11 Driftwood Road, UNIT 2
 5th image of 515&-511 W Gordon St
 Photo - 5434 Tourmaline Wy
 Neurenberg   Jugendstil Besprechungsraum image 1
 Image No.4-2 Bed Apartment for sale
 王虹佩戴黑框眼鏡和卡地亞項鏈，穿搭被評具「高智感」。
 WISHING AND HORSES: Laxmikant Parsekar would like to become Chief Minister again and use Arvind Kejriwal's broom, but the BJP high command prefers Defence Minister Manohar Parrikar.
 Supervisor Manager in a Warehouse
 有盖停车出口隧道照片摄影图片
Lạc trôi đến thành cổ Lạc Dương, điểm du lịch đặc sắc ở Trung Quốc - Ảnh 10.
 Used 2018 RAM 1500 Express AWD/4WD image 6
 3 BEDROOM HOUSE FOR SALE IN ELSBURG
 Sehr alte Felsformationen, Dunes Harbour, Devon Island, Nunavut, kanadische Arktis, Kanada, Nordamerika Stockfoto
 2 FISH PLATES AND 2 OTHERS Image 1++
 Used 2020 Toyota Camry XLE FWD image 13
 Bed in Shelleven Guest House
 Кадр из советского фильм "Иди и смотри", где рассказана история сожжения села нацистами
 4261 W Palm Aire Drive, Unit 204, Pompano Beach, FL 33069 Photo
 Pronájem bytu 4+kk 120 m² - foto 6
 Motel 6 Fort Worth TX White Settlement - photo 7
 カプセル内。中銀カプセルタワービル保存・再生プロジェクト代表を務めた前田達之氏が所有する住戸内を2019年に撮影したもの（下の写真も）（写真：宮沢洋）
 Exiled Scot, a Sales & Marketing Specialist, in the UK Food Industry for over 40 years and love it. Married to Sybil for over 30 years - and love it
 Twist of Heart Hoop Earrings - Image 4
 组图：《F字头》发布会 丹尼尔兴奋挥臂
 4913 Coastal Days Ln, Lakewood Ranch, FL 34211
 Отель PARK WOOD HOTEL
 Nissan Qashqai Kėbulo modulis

========================

### Problem to solve
Only what runs from the line containing "Pronájem bytu 4+kk 120 m² - foto 6" through the final line of the entries above belongs in the answer, restated exactly.

### Exercise solution
 Pronájem bytu 4+kk 120 m² - foto 6
 Motel 6 Fort Worth TX White Settlement - photo 7
 カプセル内。中銀カプセルタワービル保存・再生プロジェクト代表を務めた前田達之氏が所有する住戸内を2019年に撮影したもの（下の写真も）（写真：宮沢洋）
 Exiled Scot, a Sales & Marketing Specialist, in the UK Food Industry for over 40 years and love it. Married to Sybil for over 30 years - and love it
 Twist of Heart Hoop Earrings - Image 4
 组图：《F字头》发布会 丹尼尔兴奋挥臂
 4913 Coastal Days Ln, Lakewood Ranch, FL 34211
 Отель PARK WOOD HOTEL
 Nissan Qashqai Kėbulo modulis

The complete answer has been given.